*** Block opens ***

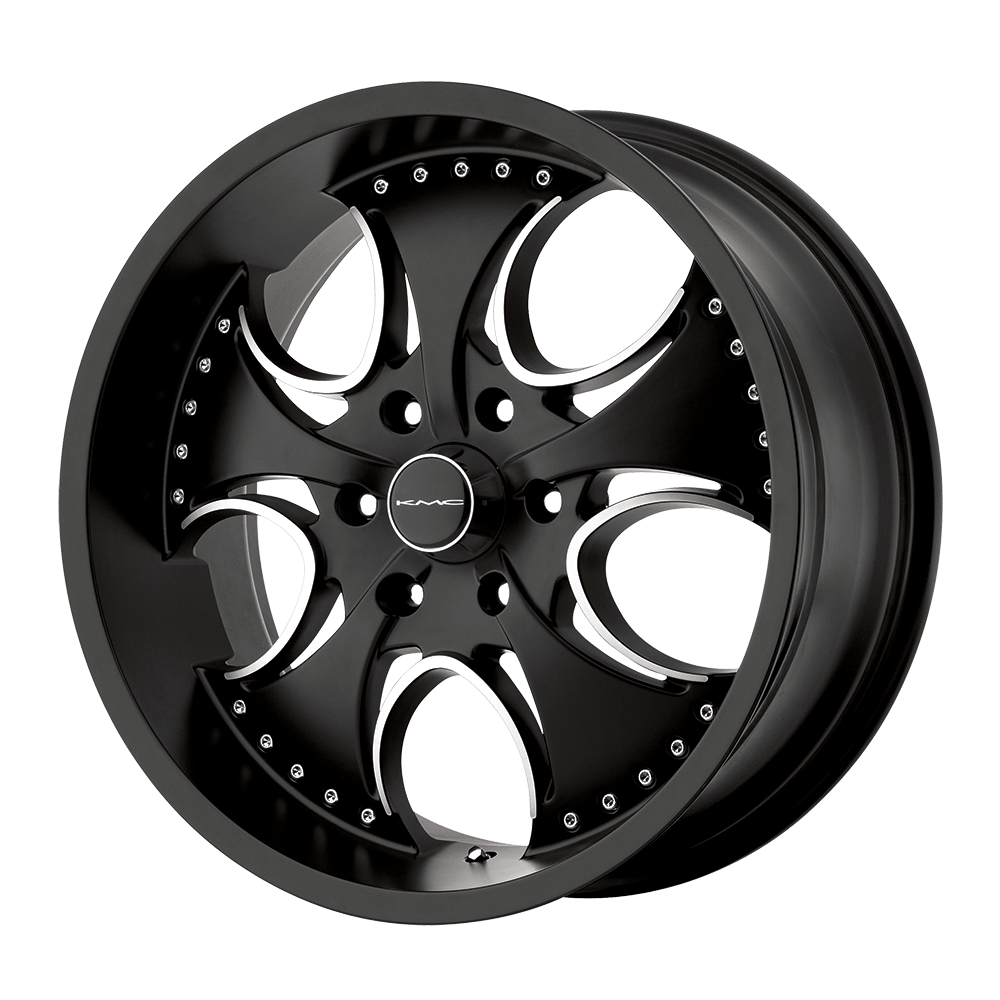 KMC KM755 VENOM MATTE BLACK 24X9.5 5x120.65 et12 72.56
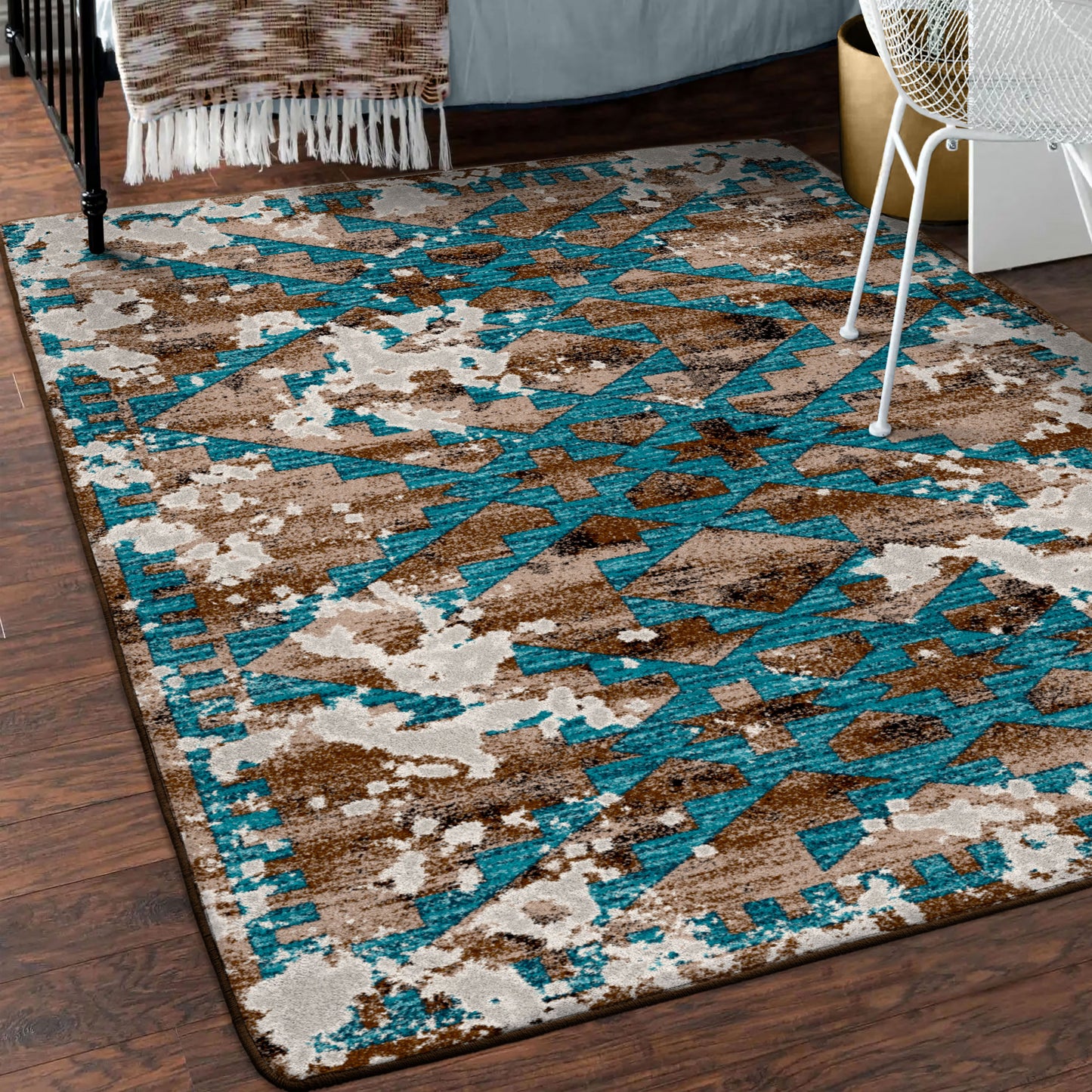 Distressed Fresco - Turquoise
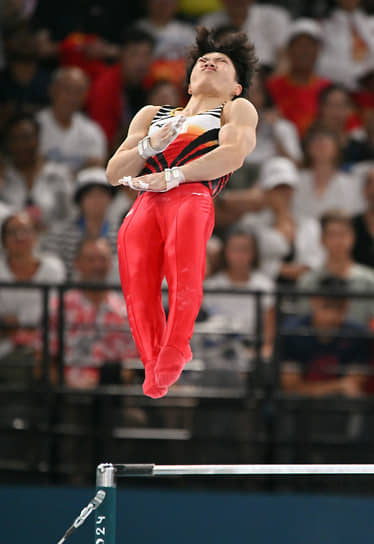 Выступление японского гимнаста Дайки Хасимото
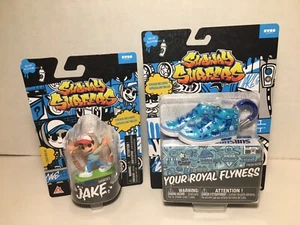 SUBWAY SURFERS SHORTIES SKATING JAKE FIGURE + FRESH KICKS YOUR ROYAL FLYNESS NEW - Picture 1 of 2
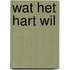 Wat het hart wil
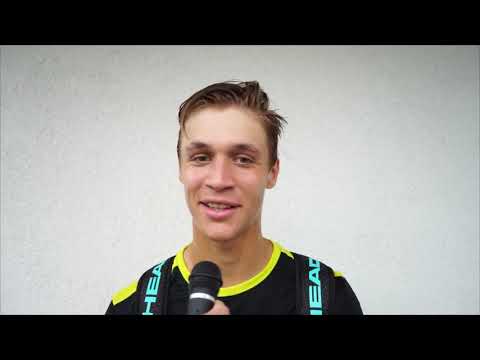 Jonáš Forejtek po úspěšném semifinále proti Zdeňku Kolářovi | Moravia Open 2020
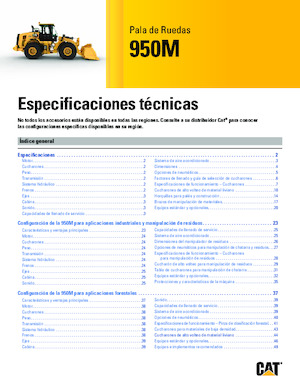 Ładowarki kołowe Caterpillar 950M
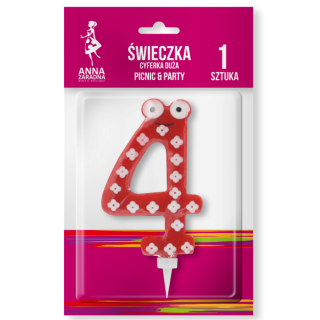 Świeczka cyferka Duża 4
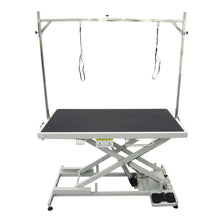 Shernbao FT-808P Low-Low Electric Grooming Table – Professional Adjustable Height Dog Grooming Table (Heavy Duty)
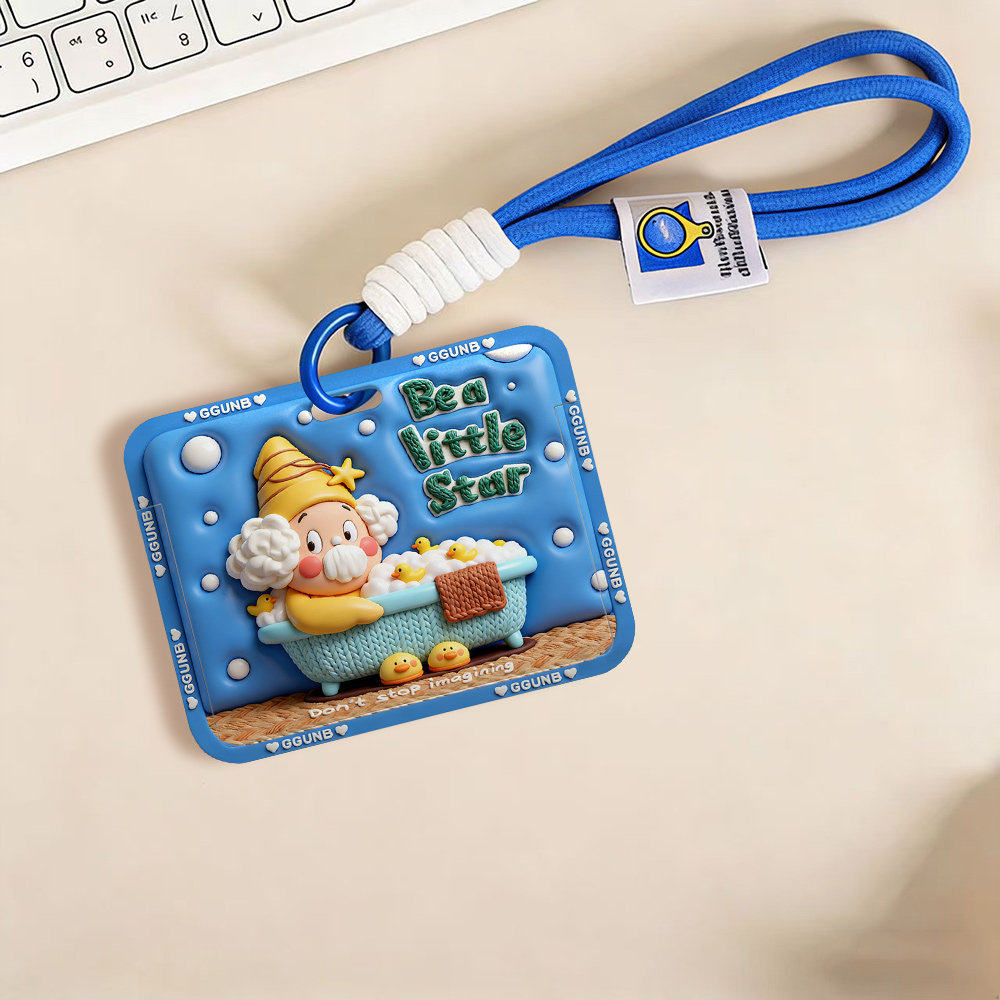 3D平面图星星宝宝泡澡学生卡饭卡地铁小区公交卡身份证工作卡套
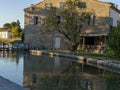 Canal du Midi Lock and Gates in Aude, Languedoc-Roussillon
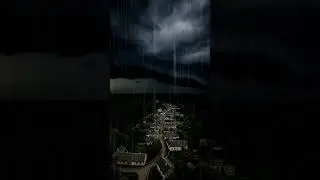 Rain, rain sound, thunderstorm, rainfall
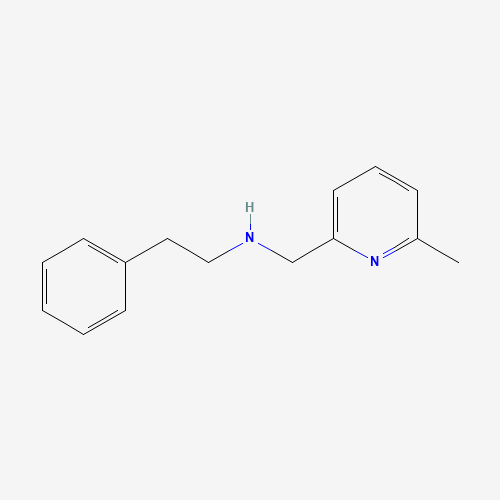 N-[(6-methylpyridin-2-yl)methyl]-2-phenylethanamine (CAS: 799260-11-0) - Chemical Structure and Molecular Formula 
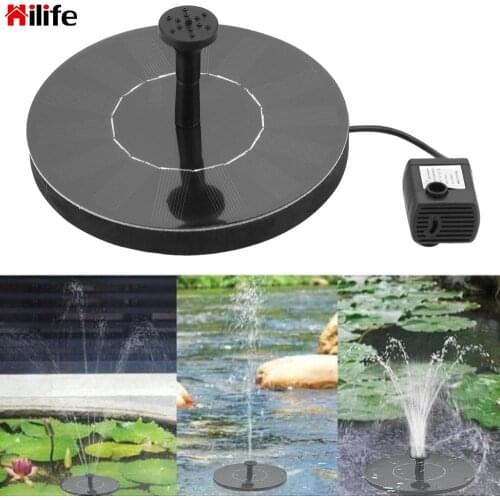 HILIFE Solar Fountain Mini for Garden Pool Pond Solar Panel Garden Patio Decor Fountain Floating Fountain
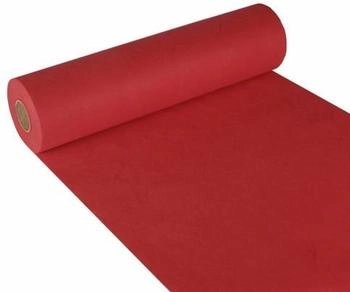 Papstar Starpak Vlies Tischläufer "soft selection" 24 m x 40 cm rot (4 Rolle)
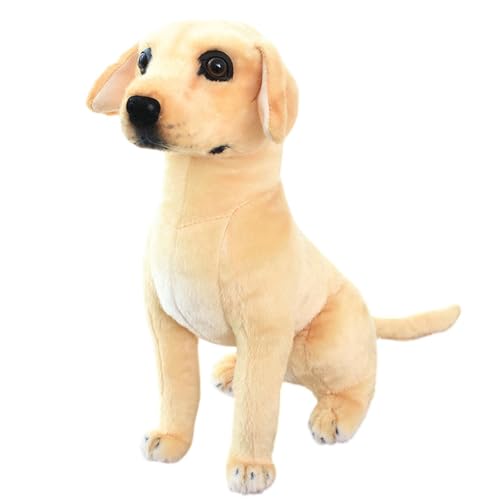 Colcolo Hund Simulation Spielzeug Stofftier Hund Modell Dekorative Stehende Lebensechte Hund Statue für Kinder Geburtstag Weihnachten Geschenk Dekor, 40cmx31cm von Colcolo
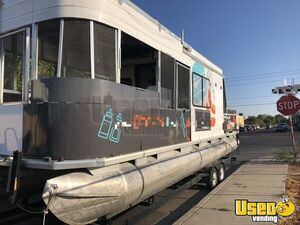 2003 Pontoon Food Boat All-purpose Food Truck Air Conditioning Arizona Gas Engine for Sale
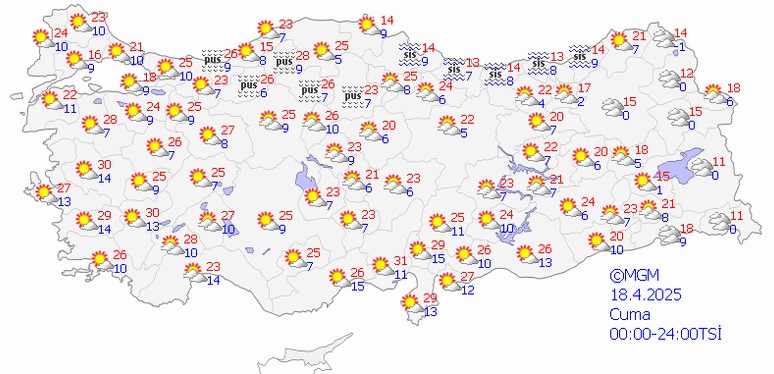 Meteoroloji’den yeni rapor: Bugün hava nasıl olacak? - Resim : 1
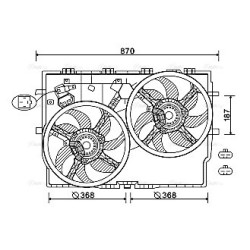 AVA Radiator Fan AVA QUALITY COOLING FT7587 OE Ref 1362918080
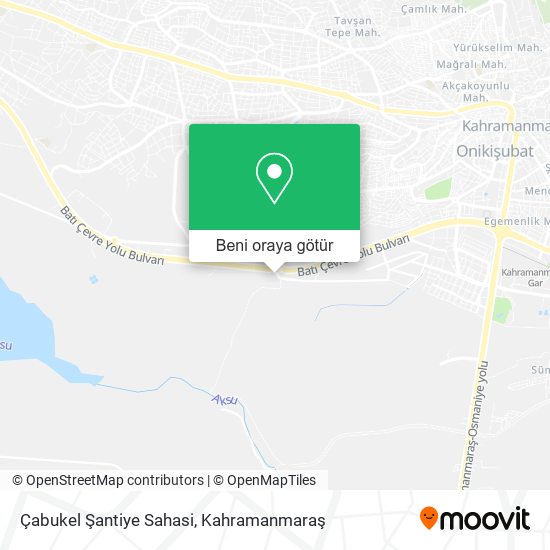 Çabukel Şantiye Sahasi harita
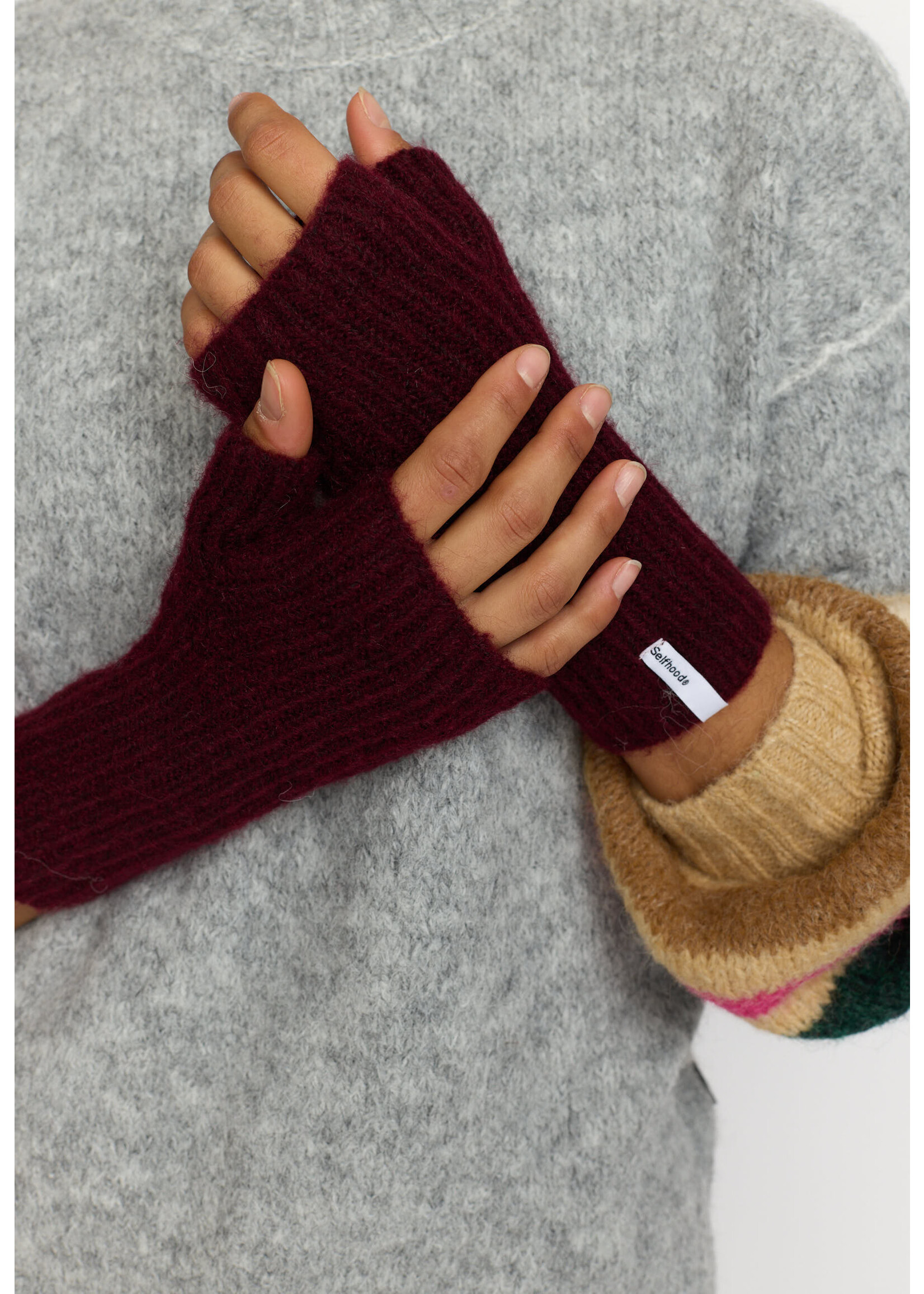 Selfhood 99014 Fluffy Half-Mittens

*** Block closes ***

What you need to do => Print the material above word for word, first line through the line with "Papstar Starpak Vlies", and leave every picture out.

Your response =>
 KMC KM755 VENOM MATTE BLACK 24X9.5 5x120.65 et12 72.56
 Distressed Fresco - Turquoise
 Выступление японского гимнаста Дайки Хасимото
 SUBWAY SURFERS SHORTIES SKATING JAKE FIGURE + FRESH KICKS YOUR ROYAL FLYNESS NEW - Picture 1 of 2
 Wat het hart wil
 Jonáš Forejtek po úspěšném semifinále proti Zdeňku Kolářovi | Moravia Open 2020
 Ładowarki kołowe Caterpillar 950M
 Świeczka cyferka Duża 4
 Shernbao FT-808P Low-Low Electric Grooming Table – Professional Adjustable Height Dog Grooming Table (Heavy Duty)
 3D平面图星星宝宝泡澡学生卡饭卡地铁小区公交卡身份证工作卡套
 Canal du Midi Lock and Gates in Aude, Languedoc-Roussillon
 Rain, rain sound, thunderstorm, rainfall
 N-[(6-methylpyridin-2-yl)methyl]-2-phenylethanamine (CAS: 799260-11-0) - Chemical Structure and Molecular Formula 
 HILIFE Solar Fountain Mini for Garden Pool Pond Solar Panel Garden Patio Decor Fountain Floating Fountain
 Papstar Starpak Vlies Tischläufer "soft selection" 24 m x 40 cm rot (4 Rolle)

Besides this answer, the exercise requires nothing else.